As it says in the article:
So yes, it is technically a “territorial dispute” in the sense that Putin disputes Ukraine’s right to control any territory at all. In that sense, China vs. Taiwan and Israel vs. the PLO are territorial disputes as well.
Bryan and Drew,
We are all adults and Ricochet is a civil discussion site.
Best,
Gary
Curious, then, that Putin hasn’t put any of these Nazis on display.
Territorial in this respect is not the same thing as border. He wants the whole damn thing.
This is a strange new line of yours.
Nevertheless, I stand by my prediction!
If the Russians stopped fighting, there’d be no more war. If the Ukrainians stopped fighting, there’d be no more Ukraine.
Well said!
If pigs had wings, they could fly. If I found an oil well in my Florida backyard, I would be rich…….
Yes.
Adults own their behavior.
I’d like to take credit for it, but I saw it on a banner.
Imagine buffalo wings made from pig wings!

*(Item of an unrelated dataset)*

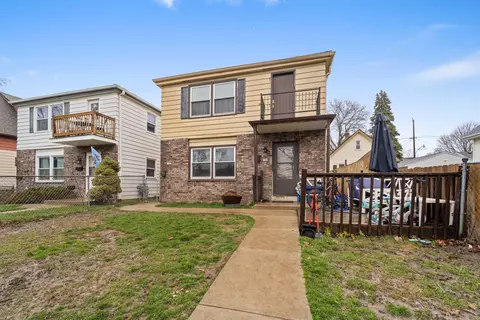 160 N 75th #A, Milwaukee, WI 53213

I’m most familiar with this from the Israel context, and I agree whole-heartedly, and for the same reason.
Absolute rubbish. The war started in 2014 with the CIA- and EU-backed coup in which Russian speaking civilians were slaughtered by Ukrainians. There was a local militia formed in the Donbas to protect themselves against the Ukrainians. The Russians supplied the Donbas militias. The Russians and the militias had the Ukrainians surrounded and were about to crush them when Merkel went to Moscow to stop them. Putin agreed to a cease fire and the Minsk Agreement followed. Merkel among others later revealed that this was all a ploy to allow Nato to provide weapons to the Ukrainians and build them up. The Ukrainians continued to shell Donbas for the next 7 years and refused to implement the Minsk Agreements.
I still love how America is paying for Ukrainians to get better health care than many of Americas own citizens.
That opening sentence . . .
Love it!
And the rest . . .
And where is your evidence for what I count as about four conspiracies in that claim?
Wait . . . what are the four items here you doubt happened?
You see, Manny, all the mass graves for all those Russian-speakers were cleverly hidden in the parts of Ukraine that Russia hasn’t occupied yet.
Soylent Red.
Are you working as a propagandist for the Biden Administration? Anything that goes against their lies is a conspiracy theory.
Only someone who has paid absolutely no attention to the relationship between the Eastern European countries and the EU could say that with a straight face.
If anything it’s been the reverse to date: Eastern European countries have sent their own forces to fight and die in Iraq and Afghanistan to help us. Poland, for instance, had 44 soldiers killed in Afghanistan and 30 in Iraq.
Also, eastern Europe has resisted some of the more wokish aspects of the European union. It’s partly a generational conflict within eastern European countries, and partly a conflict with countries that have a real threat on their borders to consider.